綜上，就導致每次計算Cache.key的hashCode不一致，便會重復寫入FileSystem的Cache。

FileSystem的兩個get方法

在FileSystem中，有兩個重載的get方法，如下：

 public static FileSystem get(final URI uri, final Configuration conf,
 final String user) 
 
 public static FileSystem get(URI uri, Configuration conf)
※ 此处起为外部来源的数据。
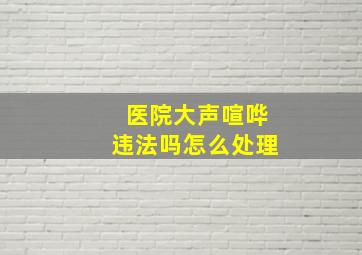 医院大声喧哗违法吗怎么处理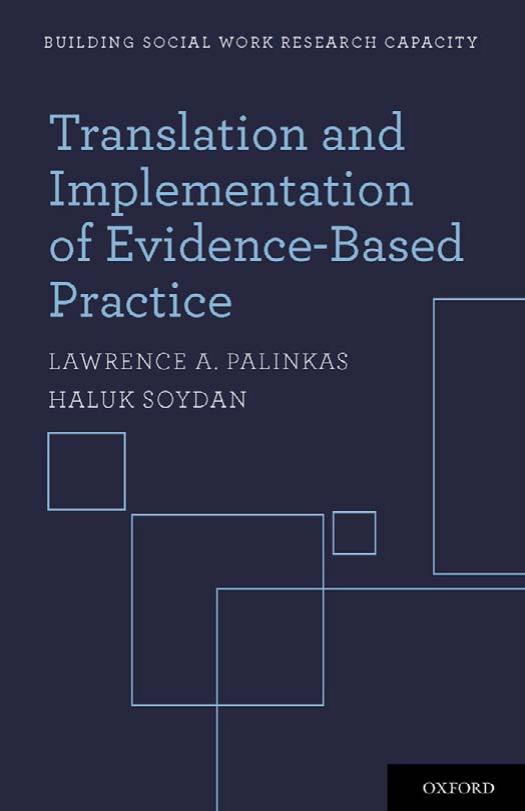 Translation And Implementation Of Evidencebased Practice Lawrence A Palinkas Haluk Soydan Palinkas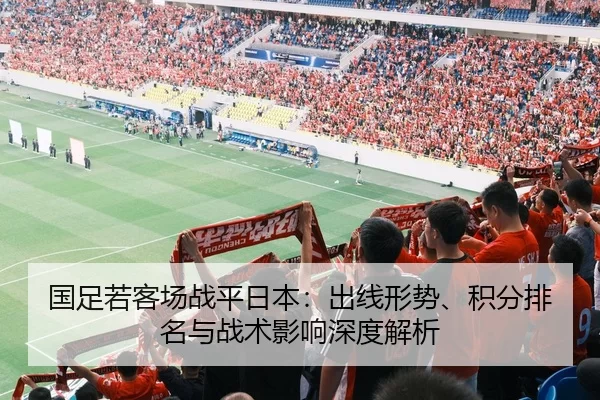 国足若客场战平日本：出线形势、积分排名与战术影响深度解析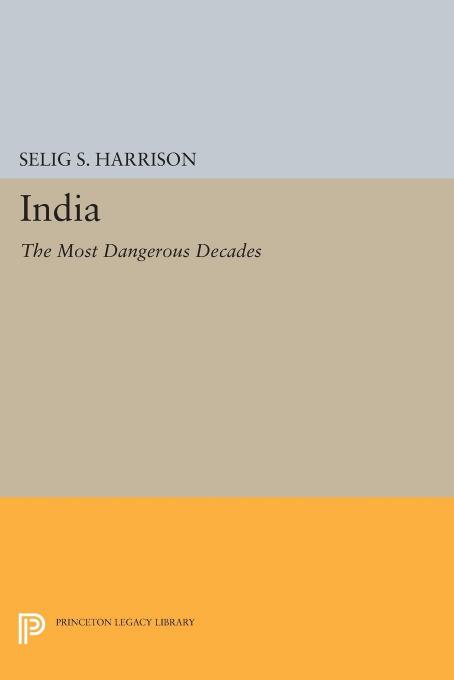 India: The Most Dangerous Decades by Selig S. Harrison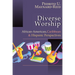 Diverse Worship: African-American, Caribbean and Hispanic Perspectives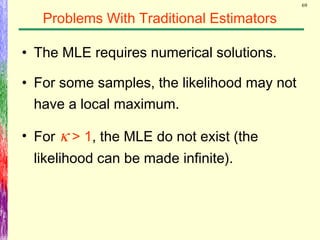 69
Problems With Traditional Estimators
• The MLE requires numerical solutions.
• For some samples, the likelihood may not
have a local maximum.
• For κ > 1, the MLE do not exist (the
likelihood can be made infinite).
 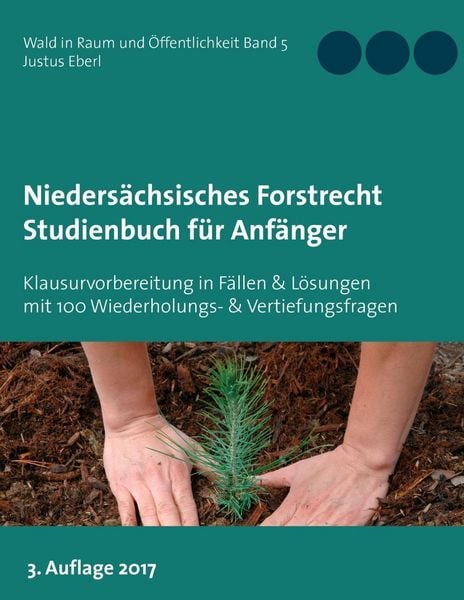 Produktbild: Nieders&auml;chsisches Forstrecht. Studienbuch f&uuml;r Anf&auml;nger
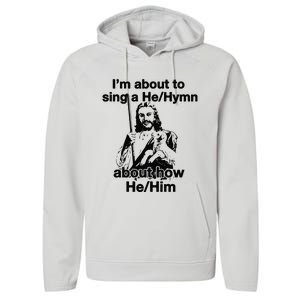 I’M About To Sing A He Hymn About How He Him Performance Fleece Hoodie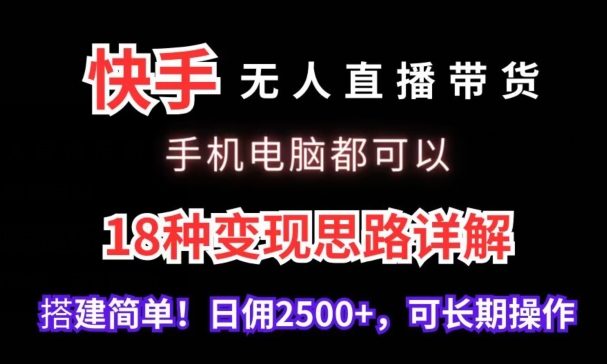 快手无人直播带货，手机电脑都可以，18种变现思路详解，搭建简单日佣2500+-纵横项目网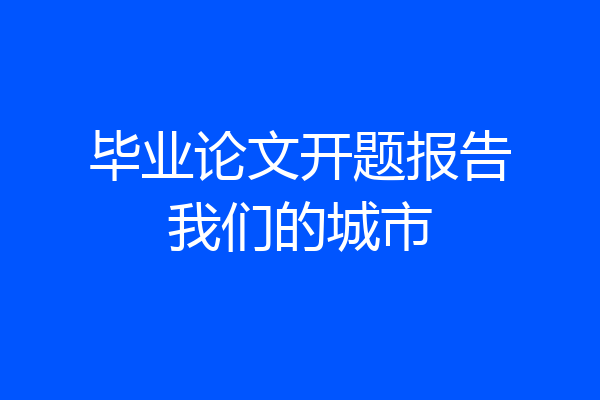 毕业论文开题报告我们的城市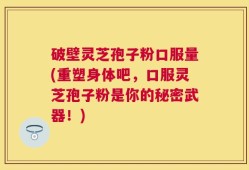 破壁灵芝孢子粉口服量(重塑身体吧，口服灵芝孢子粉是你的秘密武器！)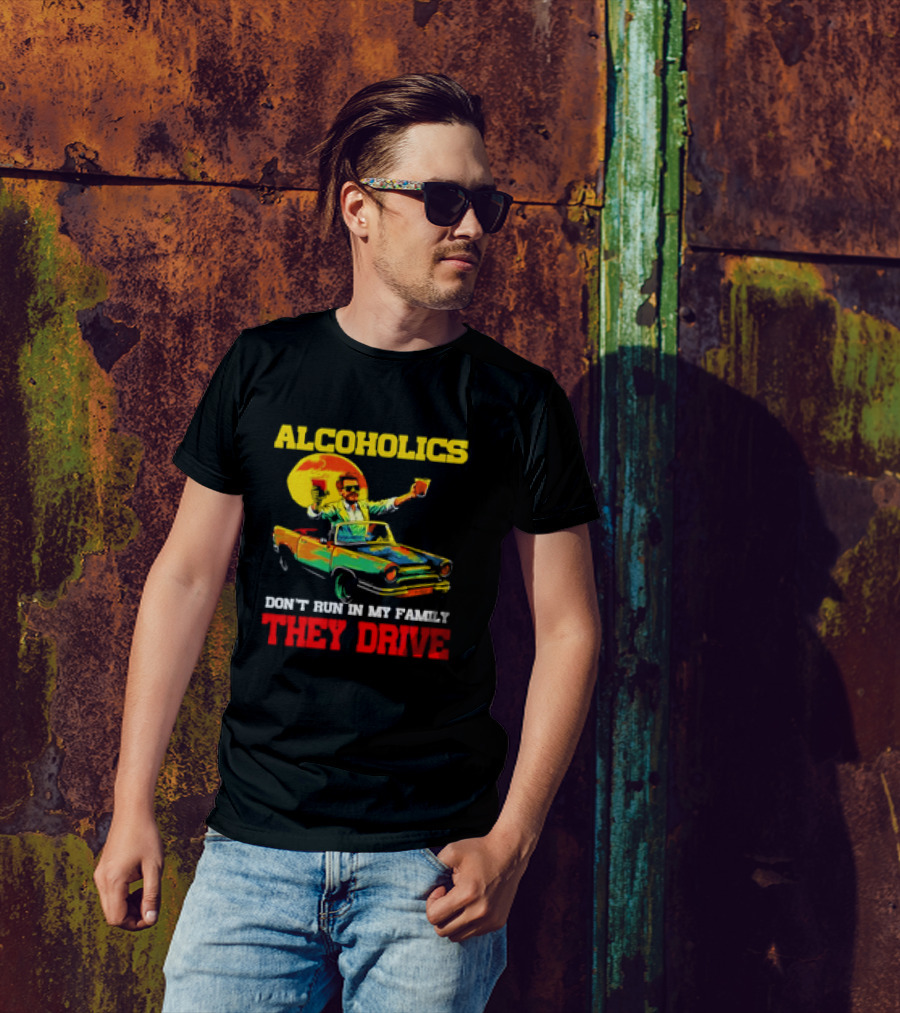 Alcoholics Don't Run In My Family They Drive Retro Style Car T-Shirt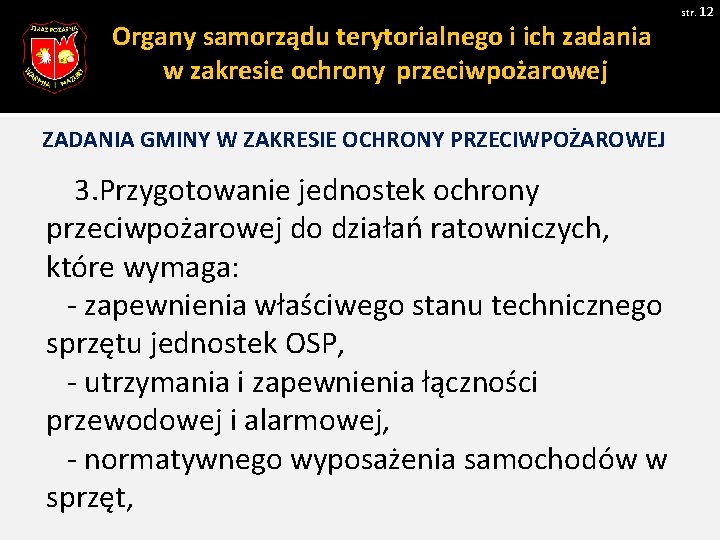 Organy samorządu terytorialnego i ich zadania w zakresie ochrony przeciwpożarowej ZADANIA GMINY W ZAKRESIE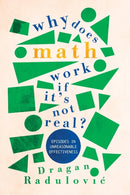Why Does Math Work . If It's Not Real? : Episodes in Unreasonable Effectiveness-9781009054812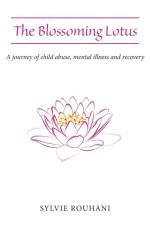 The Blossoming Lotus af Sylvie Rouhani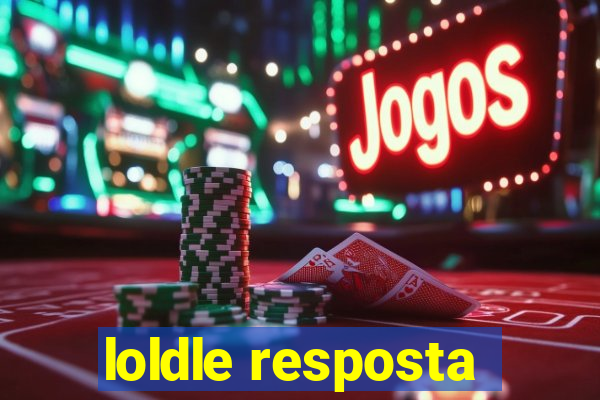 loldle resposta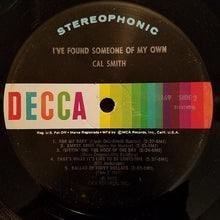 Load image into Gallery viewer, Cal Smith : I've Found Someone Of My Own (LP, Album)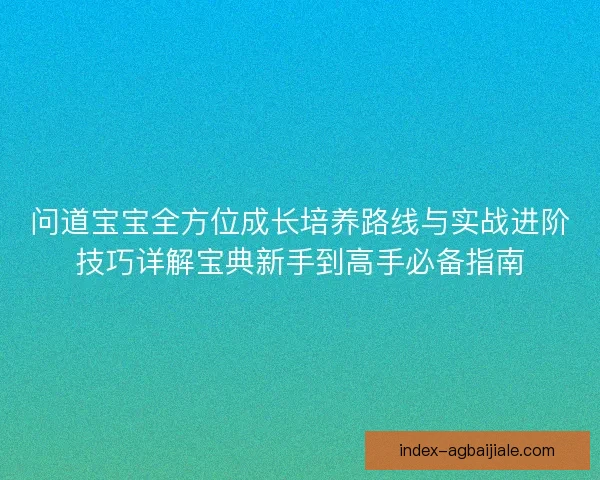 问道宝宝全方位成长培养路线与实战进阶技巧详解宝典新手到高手必备指南 问道宝宝全方位成长培养路线与实战进阶技巧详解宝典新手到高手必备指南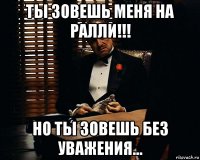 ты зовешь меня на ралли!!! но ты зовешь без уважения...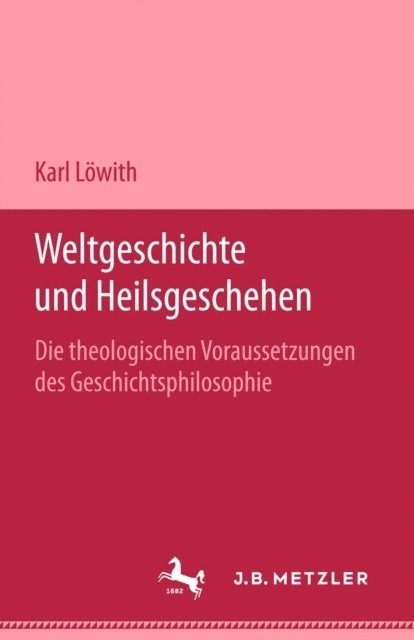 Karl Lowith - Weltgeschichte und Heilsgeschehen, E-bok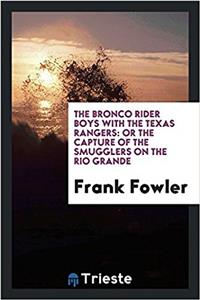 The bronco rider boys with the Texas Rangers: or the capture of the smugglers on the Rio Grande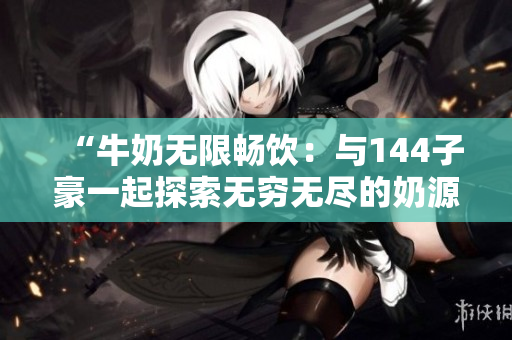 “牛奶無限暢飲：與144子豪一起探索無窮無盡的奶源”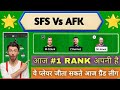 SFS vs AFK DREAM11 || SFS Vs AFK DREAM11Prediction || SFS VS AFK 43RD ECSBULGARIA T10 MATCH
在前面已經詳細的解讀了第一個方法，從代碼中可以看第一個最終還是會調用第二個方法。唯一不同的地方就是在初始化Cache.key獲取UserGroupInformation對象的時候，如下：

 Key(URI uri, Configuration conf, long unique) throws IOException {
 scheme = uri.getScheme()==null ?
 "" : StringUtils.toLowerCase(uri.getScheme());
 authority = uri.getAuthority()==null ?
 "" : StringUtils.toLowerCase(uri.getAuthority());
 this.unique = unique;
 
 this.ugi = UserGroupInformation.getCurrentUser();
 }

該方法會調用UserGroupInformation.getCurrentUser方法，如下：

 public synchronized
 static UserGroupInformation getCurrentUser() throws IOException {
 AccessControlContext context = AccessController.getContext();
 Subject subject = Subject.getSubject(context);
 if (subject == null || subject.getPrincipals(User.class).isEmpty()) {
 return getLoginUser();
 } else {
 return new UserGroupInformation(subject);
 }
 }

在直接調用get(URI uri, Configuration conf)方法時，由于未像get(final URI uri, final Configuration conf, final String user)方法創建Subject對象，因此此處Subject會返回空，會繼續執行getLoginUser方法。如下：

 public synchronized 
 static UserGroupInformation getLoginUser() throws IOException {
 if (loginUser == null) {
 loginUserFromSubject(null);
 }
 return loginUser;
 }

由代碼可見，loginUser成員變量是關鍵，查看一下該成員定義，如下：

 /**
 * Information about the logged in user.
 */
 private static UserGroupInformation loginUser = null;

也就是說，一旦該loginUser對象初始化成功，那么后續會一直使用該對象。如上一節所示，UserGroupInformation.hashCode方法將會返回一樣的hashCode值。也就是能成功的使用到緩存在FileSystem的Cache。

解決

使用public static FileSystem get(URI uri, Configuration conf)：該方法是能夠使用到FileSystem的Cache的，也就是說對于同一個hdfs URI是只會有一個FileSystem連接對象的。使用此Api可通過System.setProperty("HADOOP_USER_NAME", "hive")方式設置訪問用戶。（如果有更優雅方式，望大佬指出）默認情況下fs.automatic.close=true，即所有的連接都會通過ShutdownHook關閉。
使用public static FileSystem get(final URI uri, final Configuration conf, final String user)：該方法如上分析，會導致FileSystem的Cache失效，且每次都會添加至Cache的Map中，導致不能被回收。在使用時，一種方案是：保證對于同一個hdfs URI只會存在一個FileSystem連接對象。另一種方案是：在每次使用完FileSystem之后，調用close方法，該方法會將Cache中的FileSystem刪除。

在FileSystem中，還提供了了newInstance等Api。該系列Api每次都會返回一個新的FileSystem，具體實現參見FileSystem代碼。